**The records:**
:::::

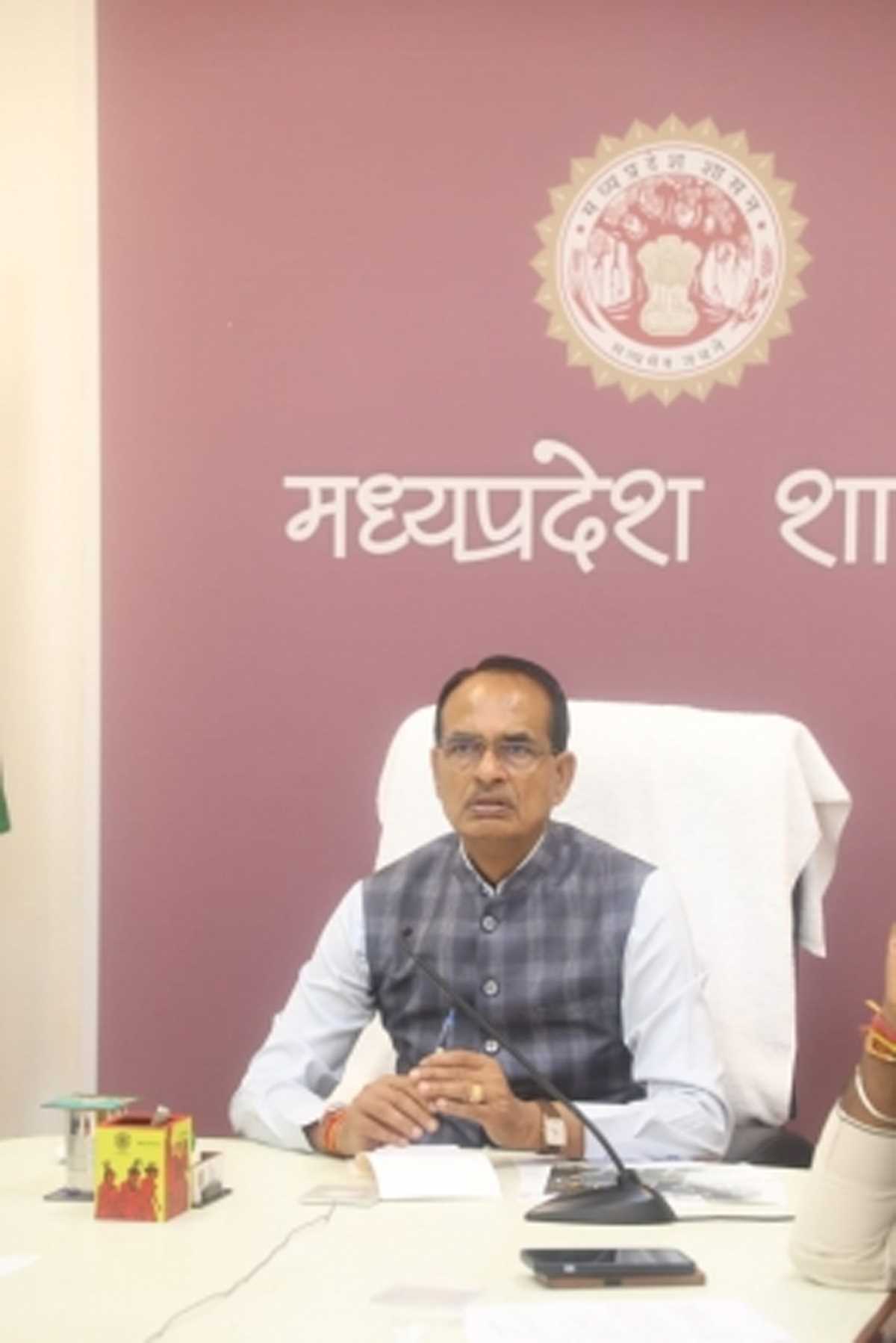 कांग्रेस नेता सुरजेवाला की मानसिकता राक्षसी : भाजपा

:::::

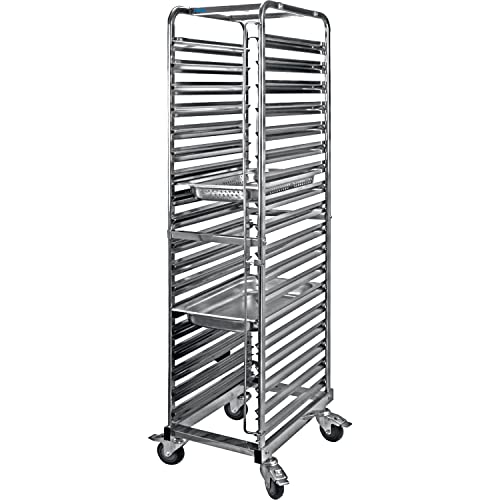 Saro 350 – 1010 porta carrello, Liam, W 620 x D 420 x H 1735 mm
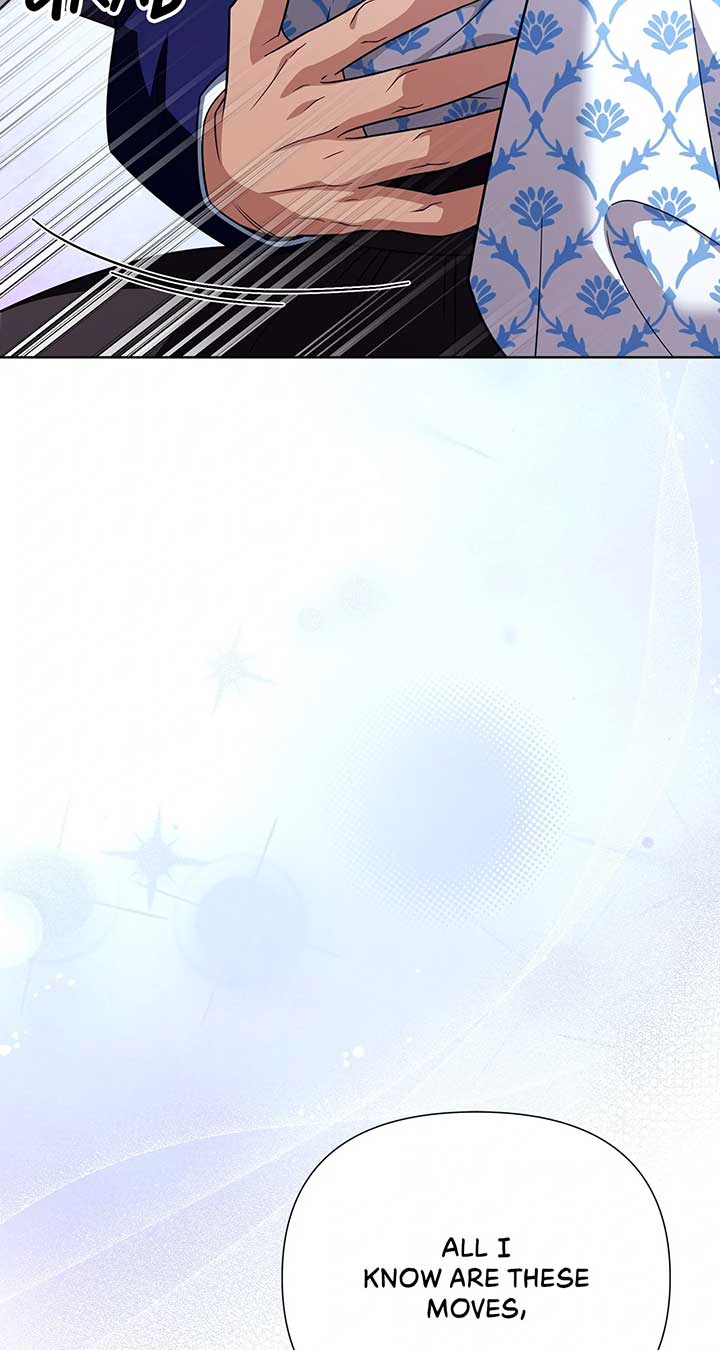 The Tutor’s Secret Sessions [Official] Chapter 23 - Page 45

:::::

**Your objective:** Copy everything above from the line holding "Saro 350 – 1010" down to the line holding "The Tutor’s Secret", both ends included, exactly as it stands and without the pictures.

**Solution to this problem:**
 Saro 350 – 1010 porta carrello, Liam, W 620 x D 420 x H 1735 mm
 The Tutor’s Secret Sessions [Official] Chapter 23 - Page 45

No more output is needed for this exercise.